Work required: Leave the pictures out, and repeat exactly every line from the one with "Bohemia Ivele Crystal" through the end of the data below.

Extracted data:
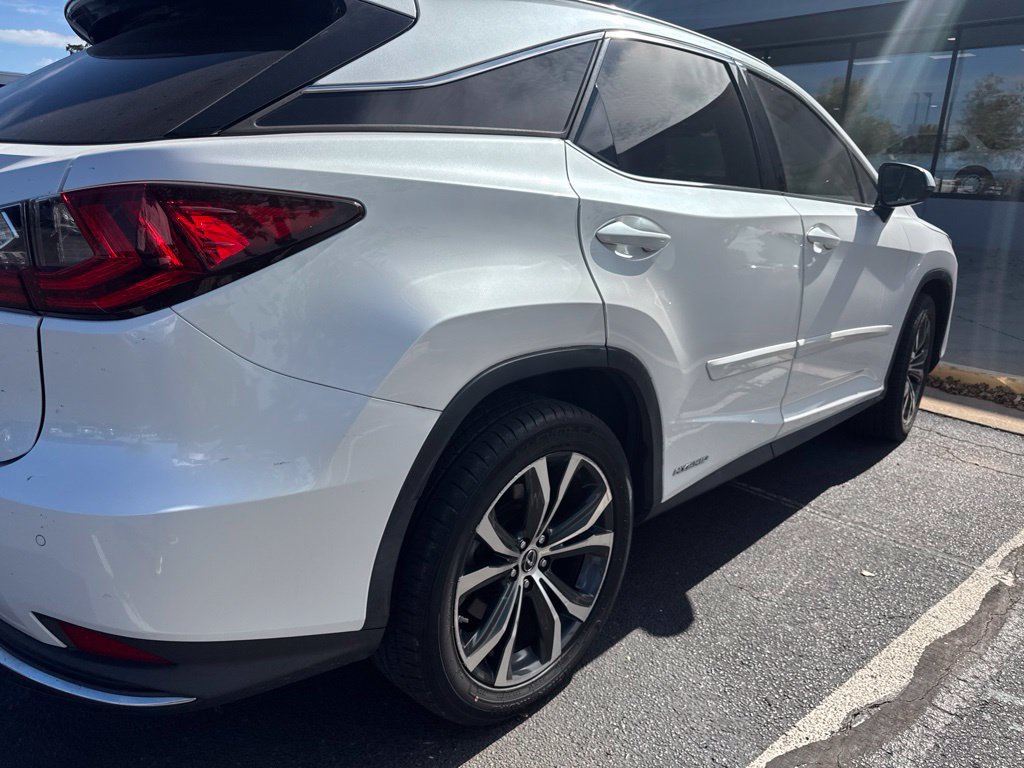 Used 2020 Lexus RX 450h AWD w/ Premium Package image 5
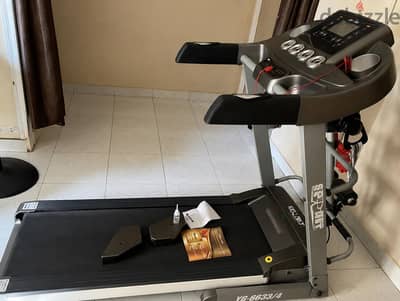 مشاية رياضية سبرينت Sprint Treadmill موديل YG-6633/4 موتور 2.2 حصان DC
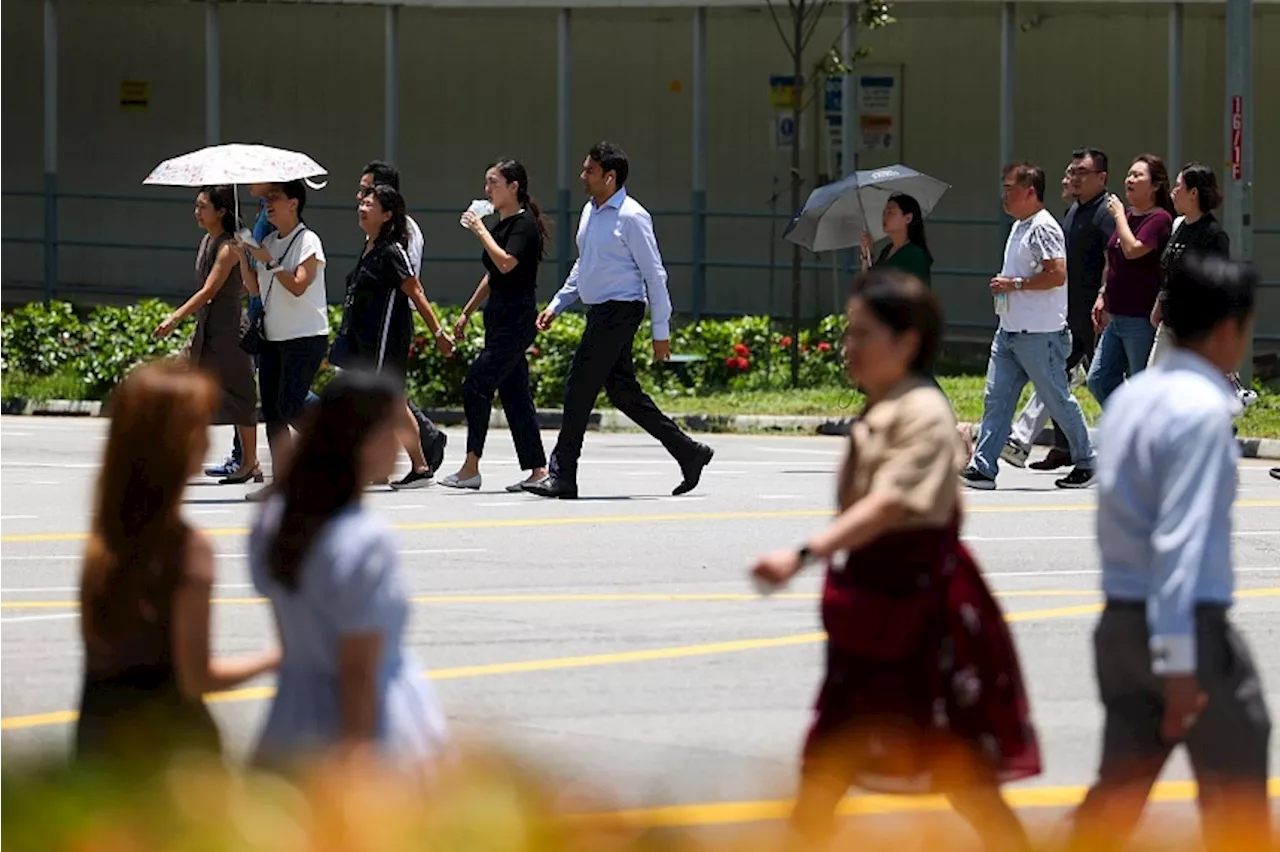 Singapore's Lower and Median Earners See Real Income Growth in 2024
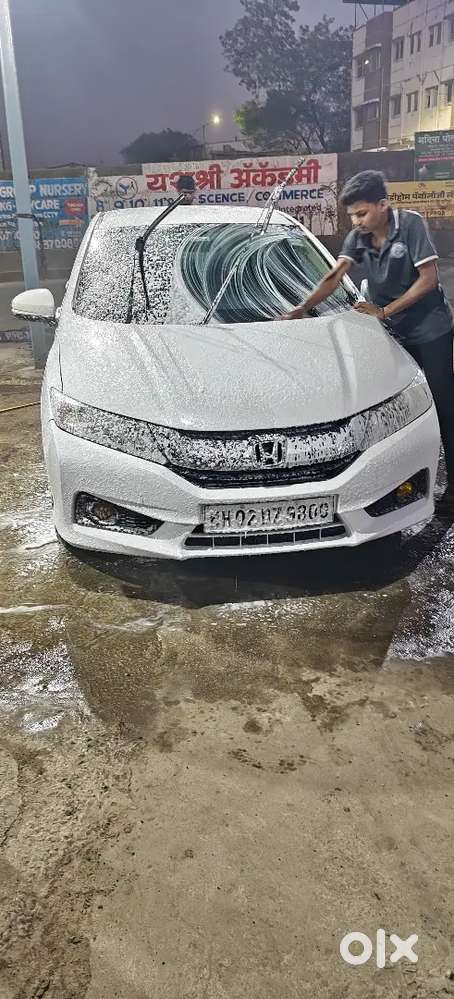 Honda City 2015 Petrol Good Condition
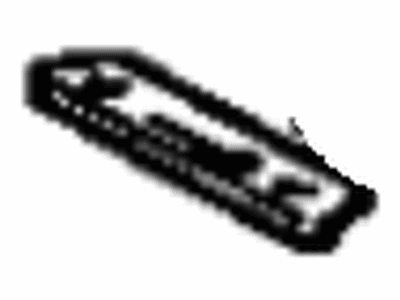 Toyota 52119-12160 Bumper Cover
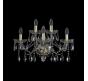 Bohemia Ivele Crystal Бра Bohemia 1413B/3+2/200/XL G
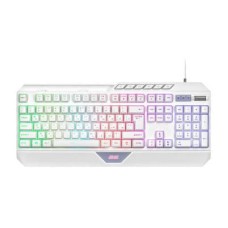 Клавіатура 2E Gaming KG315 RGB USB UA White (2E-KG315UWT)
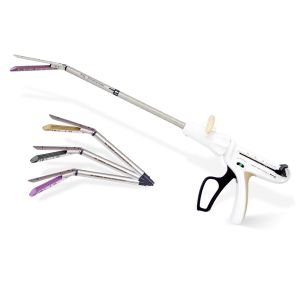 Begie Articulating Endoscopic Laparoscopic Linear Cutter Stapler 290mm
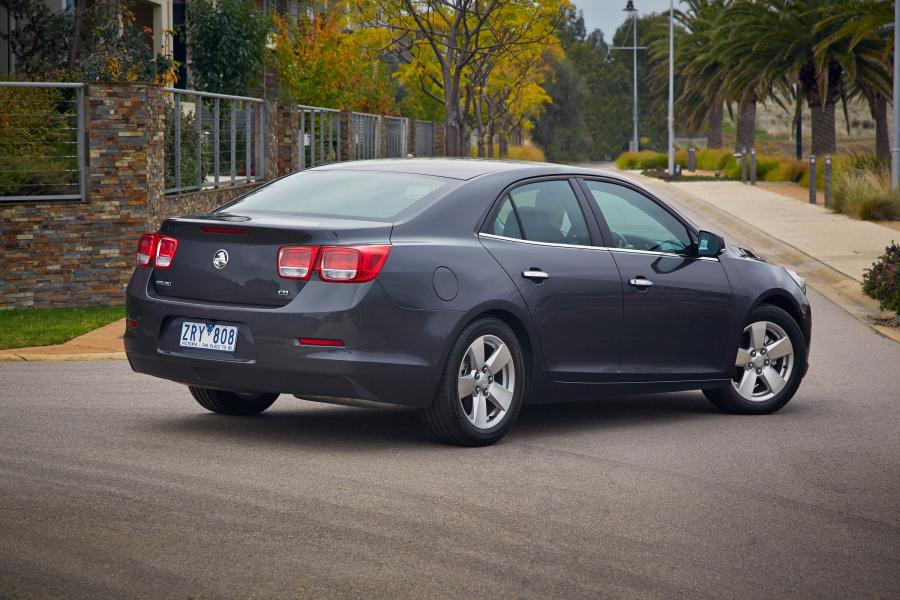 Holden Malibu CD 2013 года  (фото 8 из 13)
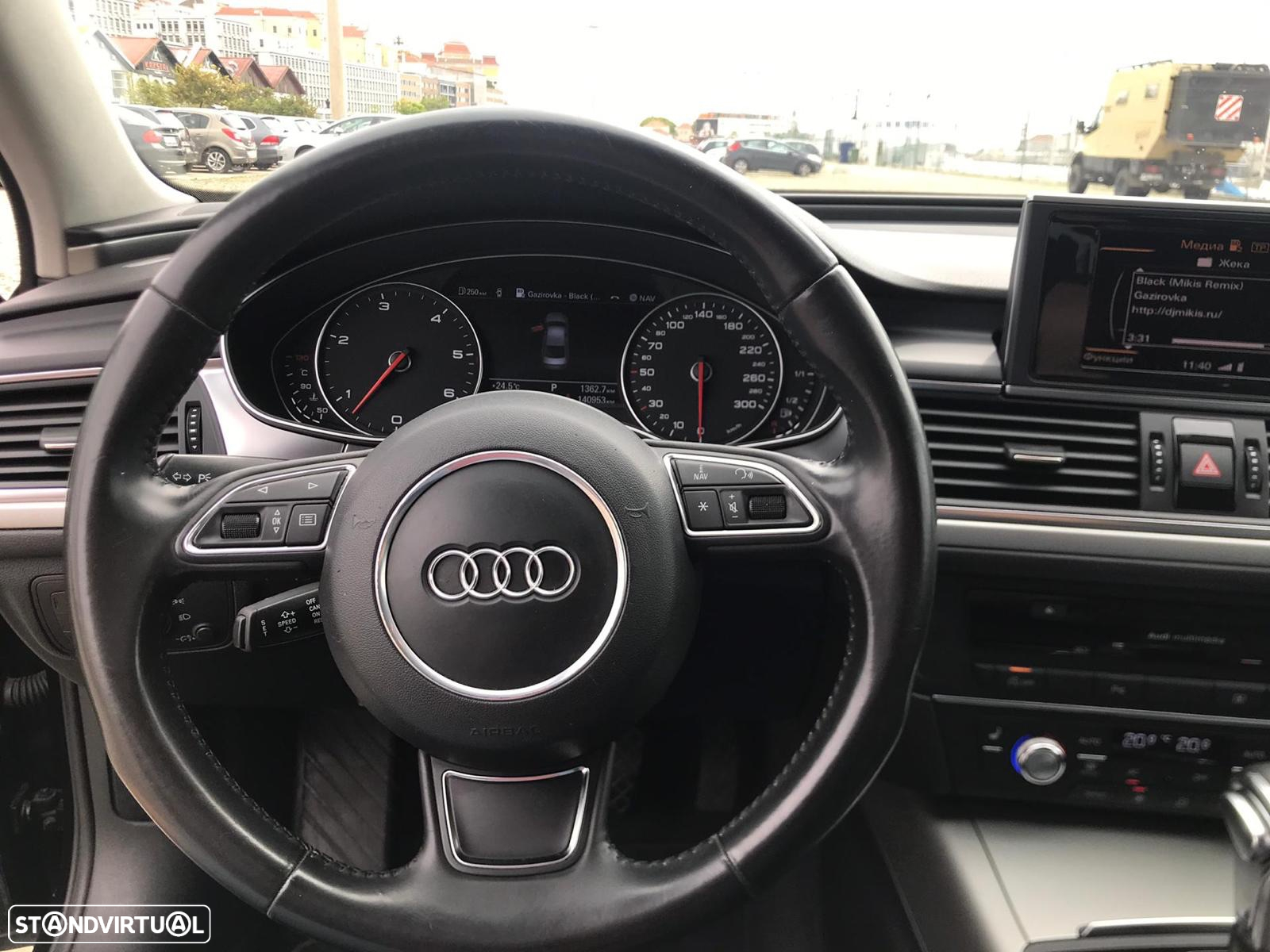 Audi A6 3.0 TDI V6 quattro S tronic - 5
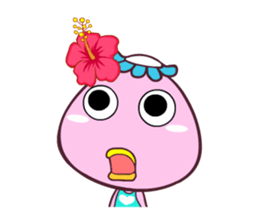 kappa kappy! sticker #4235512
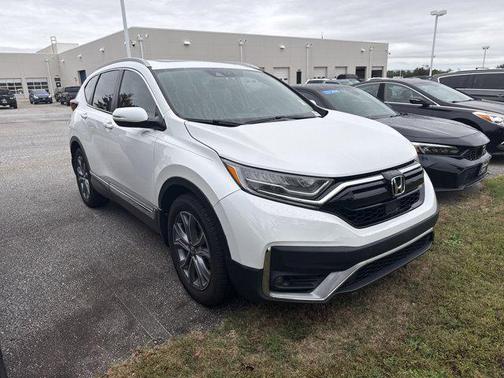 2020 Honda CR-V 2WD Touring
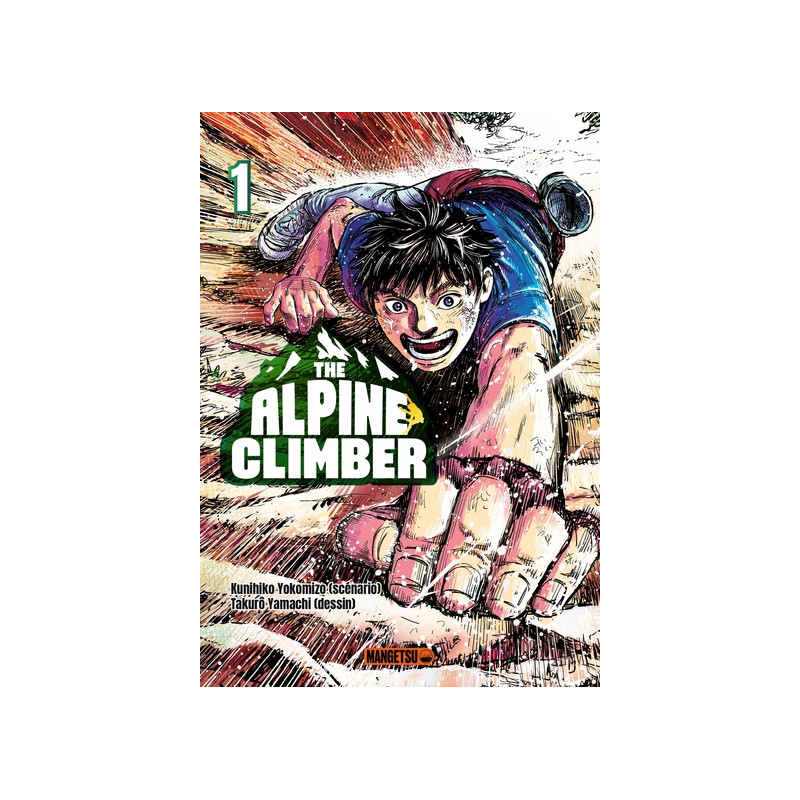 The Alpine Climber T01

Answer for the task:
 Bohemia Ivele Crystal Бра Bohemia 1413B/3+2/200/XL G
 Клавіатура 2E Gaming KG315 RGB USB UA White (2E-KG315UWT)
 Begie Articulating Endoscopic Laparoscopic Linear Cutter Stapler 290mm
 Holden Malibu CD 2013 года  (фото 8 из 13)
 Audi A6 3.0 TDI V6 quattro S tronic - 5
 kappa kappy! sticker #4235512
 2020 Honda CR-V 2WD Touring
 The Alpine Climber T01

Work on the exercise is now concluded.